Beating PyTorch with Rust and 180 Lines of Assembly

Can you beat PyTorch on its own turf with Rust and 180 lines of assembly? When inference is M=1, cache decides everything.

The Initial Wall

While working on a GPT-2 implementation in Rust on Apple Silicon, the result is brutal: even optimized, the Rust version remains slower than PyTorch + Accelerate. Industrial BLAS libraries are excellent, and that is expected.

But frameworks like PyTorch are generalists. Token-by-token inference is anything but a general case.

Exploring the Memory Hierarchy

After years of work on CPU optimization, SIMD instructions and memory hierarchy, the same question keeps coming back: how to improve LLM inference in very specific cases, especially locally?

The approach starts simple: a GPT-2 engine in numpy. Feel where the cost lies. Observe. Measure.

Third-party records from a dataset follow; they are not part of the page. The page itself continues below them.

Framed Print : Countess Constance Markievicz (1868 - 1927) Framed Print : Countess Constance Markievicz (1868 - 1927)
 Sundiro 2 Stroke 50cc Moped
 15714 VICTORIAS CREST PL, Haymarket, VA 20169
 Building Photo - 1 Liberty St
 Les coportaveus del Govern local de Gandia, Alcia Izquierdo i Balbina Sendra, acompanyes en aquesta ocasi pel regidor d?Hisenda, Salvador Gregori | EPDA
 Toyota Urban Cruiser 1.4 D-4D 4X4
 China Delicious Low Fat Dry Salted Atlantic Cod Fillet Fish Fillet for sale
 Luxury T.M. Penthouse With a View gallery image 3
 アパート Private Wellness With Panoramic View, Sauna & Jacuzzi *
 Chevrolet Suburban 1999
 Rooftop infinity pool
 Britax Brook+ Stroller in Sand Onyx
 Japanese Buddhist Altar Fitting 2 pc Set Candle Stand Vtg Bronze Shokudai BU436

Thanks to the work of Karpathy and Raschka, it is a real pleasure.

The Problem Is Not Compute

What clearly emerges:

The problem is not compute power
It is cache management
Token-by-token inference is memory-bound, not compute-bound

The K-outer Pattern in Assembly

By rewriting the kernels in ARM64 NEON f16 assembly, with a specialized "K-outer" pattern, the result is spectacular: 156.9 tokens/s on GPT-2 Small.

That is 3x faster than PyTorch on the same machine.

Benchmarks on Apple Silicon M3:

Model	PyTorch (tok/s)	Rust V3 (tok/s)	Speedup
GPT-2 Small	53	156.9	3.0x
GPT-2 Medium	22	59.3	2.7x
GPT-2 Large	13	29.1	2.2x
GPT-2 XL	7.7	16.2	2.1x

What Comes Next?

Today, a Qwen3-VL-30B-A3B already runs on an inference engine in Rust and assembly. And there are many avenues left to explore: Metal, Vulkan, AVX512...

GEMV specialization versus GEMM generalization, native f16 on NEON as a powerful weapon for edge inference: if there is one takeaway, it is that understanding your hardware changes the problem entirely.